Shakespeare, literary criticism, reading

I took myself out to Barnes & Noble today for a floofy coffee drink and the pleasure of wandering around a bookstore.

I stumbled on Greenblatt’s Will in the World, and talked myself out of buying it because I’ve recently read one biography of Shakespeare and I’m only partway into a second. I flipped through it anyway and read the preface. I also stumbled on Shakespeare by Michael Wood, and sat down with my grande java chip to read through his chapter on 1605 and the Gunpowder Plot.

As an American, I have only the dimmest understanding of the Gunpowder Plot, and much of my information comes from V for Vendetta.

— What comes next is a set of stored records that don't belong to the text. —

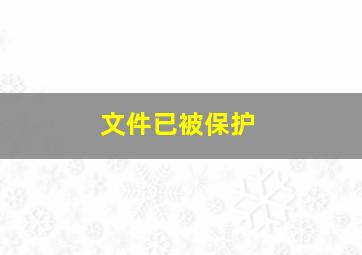 文件已被保护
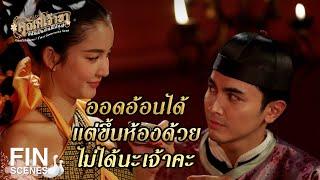 FIN | อย่าลืมมาที่โรงแม่แฟงกันนะเจ้าคะ | คุณพี่เจ้าขาดิฉันเป็นห่านมิใช่หงส์ EP.7 | Ch3Thailand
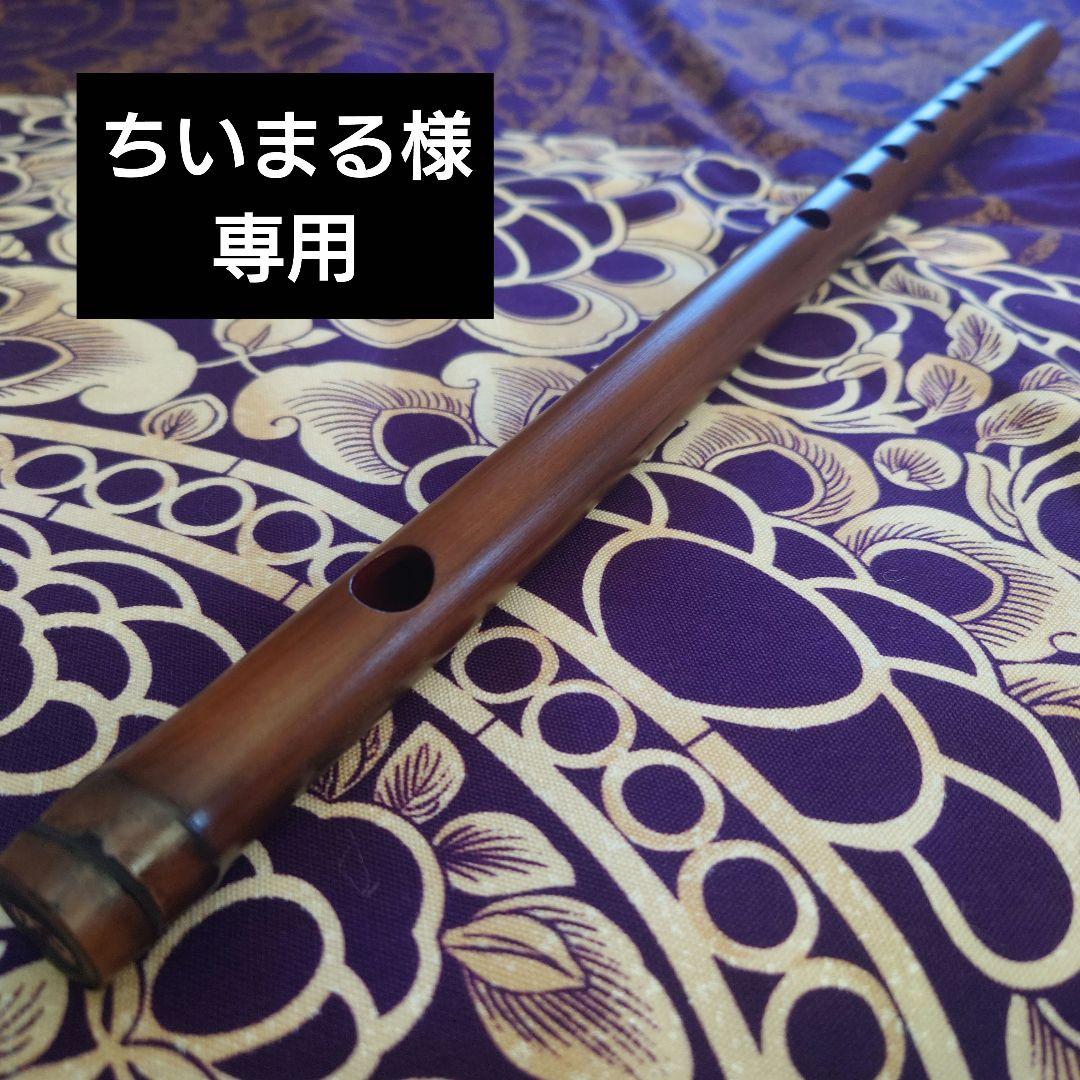 ちいまる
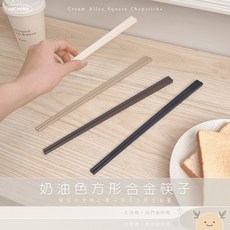 ABC HOME 奶油色方形合金筷子, 1個, 曜石黑五雙入,好夾不滑手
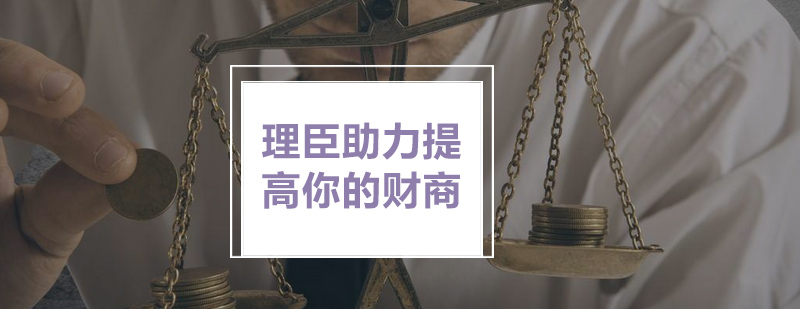 理臣助力提高你的财商_理臣资讯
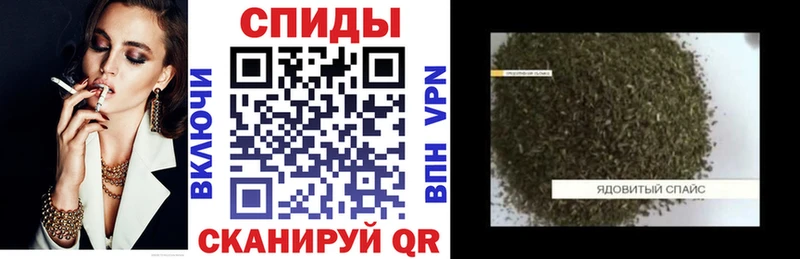 Бутират бутандиол  как найти закладки  Ялуторовск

I also didn’t realize that, as Wood outlines, King Lear was completed after November 1605, and Macbeth was written in 1606, which I imagine felt much like 2002 did for Americans. Wood placed Macbeth in the midst of “Gunpowder Plays”, which were popular at the time, and pointed out allusions to three of the plotters in the Porter’s speech: the tailor, the equivocator, and the farmer each have contemporary references. The witches, of course, also played to James I’s obsession with witchcraft. In this light, Macbeth is an incredibly topical play. Wood also speculates that the play as we have it is only part of what Shakespeare wrote, because it’s so short and it lacks the usual parallel plot.

I didn’t buy the book and didn’t take any notes on the chapter, so that’s all the info I have on the subject. Both Will in the World and Shakespeare are now on my wish list, the former because Greenblatt wrote it and the latter for the Gunpowder Plot chapter and its glossy color pictures.